Exactly the lines from the one containing "LANEIGE Cica Sleeping" through the end of the entries, both ends included, are to be output.

Stored data:
....

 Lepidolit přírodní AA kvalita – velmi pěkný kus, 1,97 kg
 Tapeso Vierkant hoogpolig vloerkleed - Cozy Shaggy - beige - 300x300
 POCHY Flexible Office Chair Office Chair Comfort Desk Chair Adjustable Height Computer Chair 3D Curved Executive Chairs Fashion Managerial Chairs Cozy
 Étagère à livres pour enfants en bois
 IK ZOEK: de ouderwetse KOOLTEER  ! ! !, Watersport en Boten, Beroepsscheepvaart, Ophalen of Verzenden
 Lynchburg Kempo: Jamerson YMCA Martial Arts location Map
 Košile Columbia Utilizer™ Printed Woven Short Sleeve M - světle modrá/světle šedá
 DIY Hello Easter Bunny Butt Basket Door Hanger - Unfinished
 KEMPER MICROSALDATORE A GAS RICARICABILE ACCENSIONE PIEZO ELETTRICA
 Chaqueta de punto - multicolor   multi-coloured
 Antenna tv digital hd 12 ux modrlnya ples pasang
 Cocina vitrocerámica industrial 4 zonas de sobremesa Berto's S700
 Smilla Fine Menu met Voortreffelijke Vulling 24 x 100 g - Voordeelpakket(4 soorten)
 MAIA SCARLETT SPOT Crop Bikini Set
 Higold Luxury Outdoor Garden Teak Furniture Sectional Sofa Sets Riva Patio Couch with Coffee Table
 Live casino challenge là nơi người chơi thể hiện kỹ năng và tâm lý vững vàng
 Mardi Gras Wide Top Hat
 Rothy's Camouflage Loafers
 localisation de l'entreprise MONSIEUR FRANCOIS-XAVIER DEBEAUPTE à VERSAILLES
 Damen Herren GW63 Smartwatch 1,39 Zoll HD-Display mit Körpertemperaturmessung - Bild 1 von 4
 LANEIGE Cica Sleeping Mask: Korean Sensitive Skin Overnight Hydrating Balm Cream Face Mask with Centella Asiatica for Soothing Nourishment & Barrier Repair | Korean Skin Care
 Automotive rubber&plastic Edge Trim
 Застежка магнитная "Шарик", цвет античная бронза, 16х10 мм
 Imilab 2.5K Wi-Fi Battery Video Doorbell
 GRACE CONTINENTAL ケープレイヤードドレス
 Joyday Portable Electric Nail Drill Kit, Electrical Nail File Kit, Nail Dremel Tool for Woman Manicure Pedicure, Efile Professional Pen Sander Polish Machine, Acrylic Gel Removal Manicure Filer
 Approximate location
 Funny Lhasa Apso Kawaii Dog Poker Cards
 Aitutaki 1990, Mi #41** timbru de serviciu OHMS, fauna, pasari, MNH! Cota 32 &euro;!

....

* Reply
 LANEIGE Cica Sleeping Mask: Korean Sensitive Skin Overnight Hydrating Balm Cream Face Mask with Centella Asiatica for Soothing Nourishment & Barrier Repair | Korean Skin Care
 Automotive rubber&plastic Edge Trim
 Застежка магнитная "Шарик", цвет античная бронза, 16х10 мм
 Imilab 2.5K Wi-Fi Battery Video Doorbell
 GRACE CONTINENTAL ケープレイヤードドレス
 Joyday Portable Electric Nail Drill Kit, Electrical Nail File Kit, Nail Dremel Tool for Woman Manicure Pedicure, Efile Professional Pen Sander Polish Machine, Acrylic Gel Removal Manicure Filer
 Approximate location
 Funny Lhasa Apso Kawaii Dog Poker Cards
 Aitutaki 1990, Mi #41** timbru de serviciu OHMS, fauna, pasari, MNH! Cota 32 &euro;!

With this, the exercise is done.